Marks Texas Instruments' entry into the ARM server market

By , IDG News Service |  Hardware

Hewlett-Packard's effort to build ARM servers will get a boost from Texas Instruments, which will provide chips based on the latest ARM processor design.

The TI chips will be offered as part of Project Moonshot, which is HP's effort to build and deliver low-power servers with either Intel or ARM processors. The first servers are projected to ship commercially in the second quarter, and are currently available only to select customers for testing in HP's labs.

HP will use a package of TI chips -- also called a system-on-chip (SOC) -- that includes ARM's quad-core Cortex-A15 processor, the server maker said in a blog entry. The Cortex-A15 processor design is ARM's latest, and was shown in a prototype tablet and smartphone at last week's Mobile World Congress show in Barcelona.

TI's Keystone II chip package will also include cores for network processing and I/O, much like a unified server chip package offered by Calxeda, which uses an ARM processor. HP also is offering the Calxeda chip called EnergyCore as part of Project Moonshot.

"Coupling TI's new KeyStone II architecture with HP Moonshot enables large-scale, concurrent real-time processing of cloud and traditional telecommunications workloads by one integrated system optimized for high performance, power-efficient processing," wrote Tim Wesselman, senior director of ecosystem strategy at HP's HyperScale Business Unit, in the blog entry.

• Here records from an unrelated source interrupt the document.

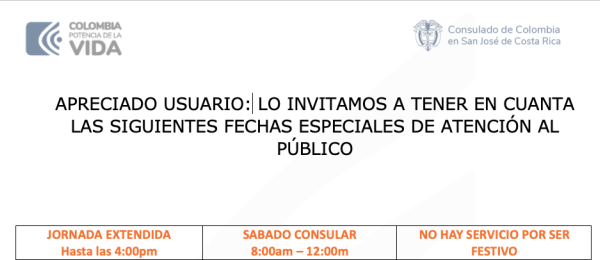 LO INVITAMOS A TENER EN CUENTA LAS SIGUIENTES FECHAS ESPECIALES DE ATENCIÓN AL PÚBLICO
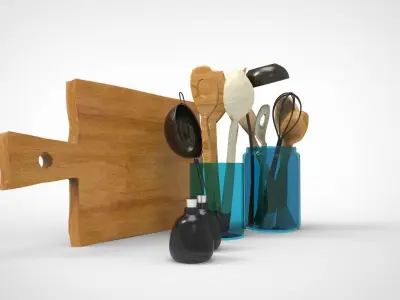 Kitchen set 3D model purchase
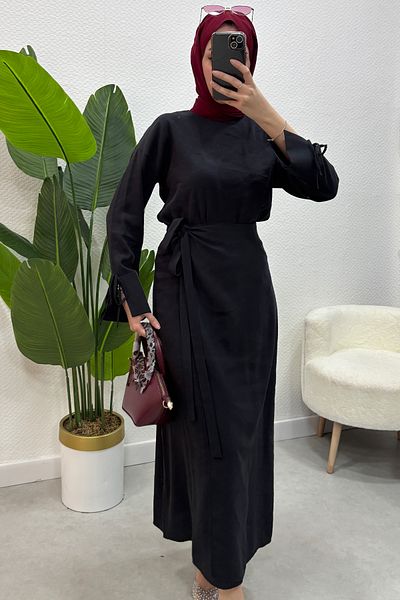 Tesettür Diyarı Γυναικεία ρούχα Hijab - Σετ φούστα και πουκάμισα δεμένα στο πλάι, ύφασμα Melage, Μαύρο
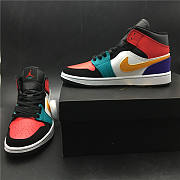 AIR JORDAN 1 MID WHITE UNIVERSITY RED BLACK 554724 125 - 5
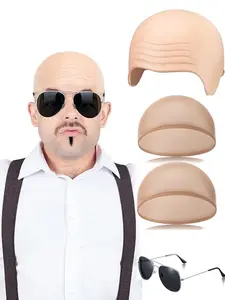 Bald Caps with Glasses, Nylon Makeup Latex Bald Head Wig Cap, for Men Women Adults, Cosplay Party Costume Accessories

Companies like Google, Facebook and Amazon are buying thousands of servers to handle Internet transactions, and there is a growing interest in low-power ARM processors for such servers. Some believe ARM processors may be a more power-efficient way to handle large volumes of search and social media requests.

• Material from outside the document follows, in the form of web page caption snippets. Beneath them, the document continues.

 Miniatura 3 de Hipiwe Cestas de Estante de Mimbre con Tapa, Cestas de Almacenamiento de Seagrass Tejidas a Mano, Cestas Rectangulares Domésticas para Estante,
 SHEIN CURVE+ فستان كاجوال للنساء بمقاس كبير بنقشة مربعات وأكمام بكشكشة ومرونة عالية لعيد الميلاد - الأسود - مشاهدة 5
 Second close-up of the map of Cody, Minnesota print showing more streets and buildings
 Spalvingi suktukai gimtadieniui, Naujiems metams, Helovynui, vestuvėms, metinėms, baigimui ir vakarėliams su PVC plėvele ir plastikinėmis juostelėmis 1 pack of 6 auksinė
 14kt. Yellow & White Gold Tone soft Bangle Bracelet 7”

Companies like Dell are also experimenting with ARM-based servers, and Advanced Micro Devices has said it will offer them in the future. Servers today are mostly based on x86 processors such as Intel's Xeon or AMD's Opteron, which are considered faster than ARM processors for tasks like databases, but are more power-hungry. As an alternative to Xeon, HP is also building a server based on Intel's low-power Atom chip code-named Centerton as part of Project Moonshot.